Tip 2 tanısı almış bireylerde tedavi doktor ve diyetisyen iş birliğiyle gerçekleşir. Doktor tarafından reçetelenen ilaçlar ya da insülin tedavisi ile diyetisyen tarafından hazırlanmış dengeli ve yeterli beslenme programı eş zamanlı yürütülür. Bu tedavinin amacı hastaya sürdürülebilir bir yaşam düzeni sağlamak ve bireyin kan şekeriyle birlikte vücut ağırlığını dengede tutabilmektir. 

Sağlıklı yaşam biçiminin sağlanabilmesi için; sağlıklı beslenmek, fiziksel aktivitenin artırılması, ideal vücut ağırlığının korunması, sigaranın bırakılması, alkol tüketiminin sınırlandırılması birincil ihtiyaçlardır. Bunların yanında varsa düzenli ilaç kullanımı da çok önemlidir. Hastanın diyabet eğitimi alması sürecin başarıyla sürdürülebilmesi için gereklidir.

Diyabetli bireyler için sağlıklı yaşamanın yıldızlı 4 kuralı vardır! 

1. Sağlıklı beslenme

2. Yeterli ve düzenli fiziksel aktivite 

3. Tıbbi bakım ve kendi kendine kontrol  

4. Dengeli ve düzenli sosyal yaşam 

Karbonhidrat, protein ve yağlar vücuda enerji sağlarken mineral, vitamin ve su enerji vermez. Dengeli ve yeterli beslenme ilkeleri kapsamında, günlük enerjinin %55-60’ı  karbonhidratlardan, %12-15’i proteinlerden ve %25-30’u yağlardan sağlanmalı ve günlük posa tüketimi her 1000 kkal enerji alımı için 14 g olmalıdır. 

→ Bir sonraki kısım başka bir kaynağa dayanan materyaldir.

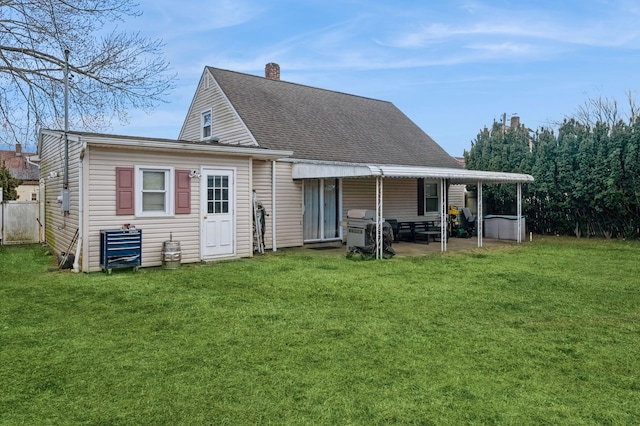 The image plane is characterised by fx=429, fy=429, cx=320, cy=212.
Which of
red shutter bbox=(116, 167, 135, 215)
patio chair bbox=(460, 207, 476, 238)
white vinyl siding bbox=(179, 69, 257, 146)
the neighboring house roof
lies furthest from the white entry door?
the neighboring house roof

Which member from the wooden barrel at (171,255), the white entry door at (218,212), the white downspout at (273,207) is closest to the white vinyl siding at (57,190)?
the wooden barrel at (171,255)

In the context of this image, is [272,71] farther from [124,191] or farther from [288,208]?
[124,191]

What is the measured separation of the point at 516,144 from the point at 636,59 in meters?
9.55

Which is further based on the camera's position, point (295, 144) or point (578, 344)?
point (295, 144)

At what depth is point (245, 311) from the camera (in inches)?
229

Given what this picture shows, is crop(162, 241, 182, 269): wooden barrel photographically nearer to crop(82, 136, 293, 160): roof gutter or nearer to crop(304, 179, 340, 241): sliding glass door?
crop(82, 136, 293, 160): roof gutter

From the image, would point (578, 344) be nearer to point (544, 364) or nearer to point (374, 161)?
point (544, 364)

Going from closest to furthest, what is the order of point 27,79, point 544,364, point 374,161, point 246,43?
point 544,364 → point 27,79 → point 246,43 → point 374,161

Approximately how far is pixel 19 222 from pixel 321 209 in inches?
395

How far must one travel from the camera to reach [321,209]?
13.6m

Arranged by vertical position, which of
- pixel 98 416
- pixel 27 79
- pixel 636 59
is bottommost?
pixel 98 416

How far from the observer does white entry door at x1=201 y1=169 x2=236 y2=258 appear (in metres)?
10.1

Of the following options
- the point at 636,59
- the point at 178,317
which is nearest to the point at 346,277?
the point at 178,317

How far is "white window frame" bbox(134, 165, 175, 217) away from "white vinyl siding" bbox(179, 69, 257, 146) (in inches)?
151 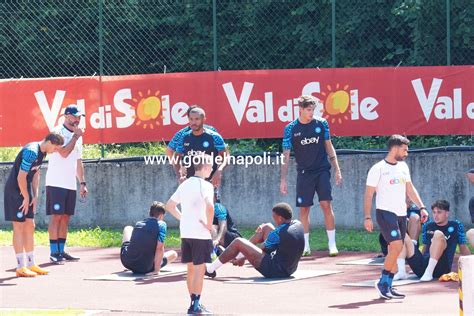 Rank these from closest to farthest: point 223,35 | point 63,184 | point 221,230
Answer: point 221,230, point 63,184, point 223,35

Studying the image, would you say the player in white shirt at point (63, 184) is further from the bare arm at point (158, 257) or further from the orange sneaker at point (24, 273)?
the bare arm at point (158, 257)

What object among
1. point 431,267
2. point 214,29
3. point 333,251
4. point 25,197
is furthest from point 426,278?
point 214,29

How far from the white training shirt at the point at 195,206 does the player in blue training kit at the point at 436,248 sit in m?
2.95

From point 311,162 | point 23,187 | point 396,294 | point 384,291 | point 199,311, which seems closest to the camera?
point 199,311

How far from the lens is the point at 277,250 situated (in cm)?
1350

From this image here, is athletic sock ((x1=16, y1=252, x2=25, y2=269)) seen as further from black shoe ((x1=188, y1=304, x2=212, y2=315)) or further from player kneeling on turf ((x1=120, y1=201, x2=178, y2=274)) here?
black shoe ((x1=188, y1=304, x2=212, y2=315))

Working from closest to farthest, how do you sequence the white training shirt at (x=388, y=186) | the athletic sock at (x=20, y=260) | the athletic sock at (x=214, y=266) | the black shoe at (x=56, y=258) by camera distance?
the white training shirt at (x=388, y=186) < the athletic sock at (x=214, y=266) < the athletic sock at (x=20, y=260) < the black shoe at (x=56, y=258)

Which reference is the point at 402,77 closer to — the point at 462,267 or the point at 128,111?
the point at 128,111

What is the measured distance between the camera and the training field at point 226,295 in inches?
445

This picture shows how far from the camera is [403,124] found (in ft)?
61.4

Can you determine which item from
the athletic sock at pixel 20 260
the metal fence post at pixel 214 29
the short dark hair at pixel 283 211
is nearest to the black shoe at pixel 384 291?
the short dark hair at pixel 283 211

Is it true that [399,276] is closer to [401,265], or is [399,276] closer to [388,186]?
[401,265]

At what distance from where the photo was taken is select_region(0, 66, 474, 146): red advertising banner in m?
18.6

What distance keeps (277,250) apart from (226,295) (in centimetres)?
134
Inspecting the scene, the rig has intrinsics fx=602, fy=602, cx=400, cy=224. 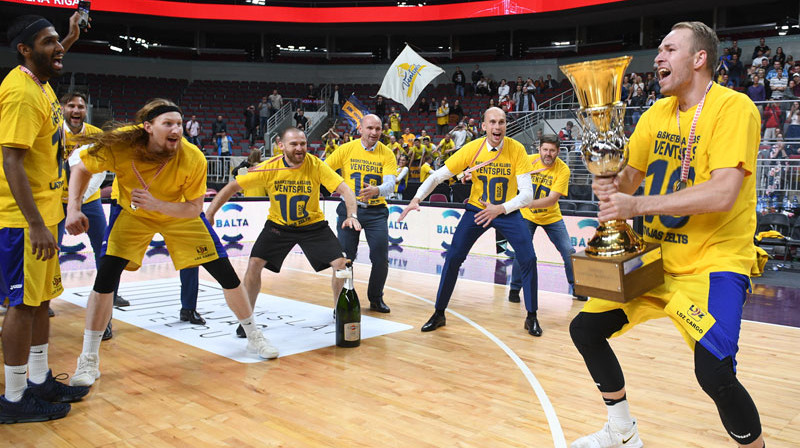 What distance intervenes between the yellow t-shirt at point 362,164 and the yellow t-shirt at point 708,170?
166 inches

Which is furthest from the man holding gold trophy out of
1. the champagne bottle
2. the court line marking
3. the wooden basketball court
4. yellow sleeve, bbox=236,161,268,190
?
yellow sleeve, bbox=236,161,268,190

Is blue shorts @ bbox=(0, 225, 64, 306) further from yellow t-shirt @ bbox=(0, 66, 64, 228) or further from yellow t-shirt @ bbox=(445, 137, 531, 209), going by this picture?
yellow t-shirt @ bbox=(445, 137, 531, 209)

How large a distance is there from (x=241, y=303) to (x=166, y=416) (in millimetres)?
1220

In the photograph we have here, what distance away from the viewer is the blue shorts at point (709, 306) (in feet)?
8.25

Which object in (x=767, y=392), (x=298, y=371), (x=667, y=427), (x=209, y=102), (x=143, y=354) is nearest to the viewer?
(x=667, y=427)

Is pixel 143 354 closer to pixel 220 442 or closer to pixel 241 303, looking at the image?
pixel 241 303

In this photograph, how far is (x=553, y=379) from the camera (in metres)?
4.45

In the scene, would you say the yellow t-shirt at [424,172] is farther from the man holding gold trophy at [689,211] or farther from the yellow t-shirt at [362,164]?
the man holding gold trophy at [689,211]

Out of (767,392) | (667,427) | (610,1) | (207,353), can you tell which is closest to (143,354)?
(207,353)

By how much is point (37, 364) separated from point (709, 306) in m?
3.77

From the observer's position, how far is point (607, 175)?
259cm

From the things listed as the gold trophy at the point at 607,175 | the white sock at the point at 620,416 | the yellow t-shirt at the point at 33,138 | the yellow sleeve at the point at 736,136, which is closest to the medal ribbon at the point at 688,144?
the yellow sleeve at the point at 736,136

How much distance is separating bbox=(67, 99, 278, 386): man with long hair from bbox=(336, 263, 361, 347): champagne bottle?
3.47 ft

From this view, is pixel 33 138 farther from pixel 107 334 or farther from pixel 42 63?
pixel 107 334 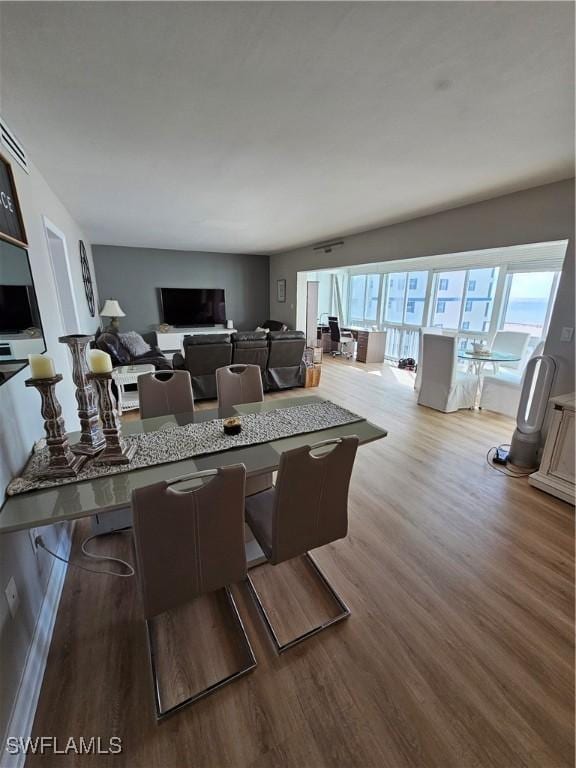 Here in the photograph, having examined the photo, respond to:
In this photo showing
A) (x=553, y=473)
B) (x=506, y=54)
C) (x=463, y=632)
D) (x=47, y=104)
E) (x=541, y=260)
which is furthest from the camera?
(x=541, y=260)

Diyabetliler karbonhidrat tüketiminde çok dikkatli olmalıdır. Karbonhidrat vücudun biricil enerji kaynağıdır ancak karbonhidrat tüketirken Beyaz ekmek, çikolata, poğaça, börek gibi basit karbonhidratlar yerine porsiyonuna dikkat edilerek tam buğday  ekmek, kepekli ürünler gibi kompleks karbonhidratlar tüketilmelidir.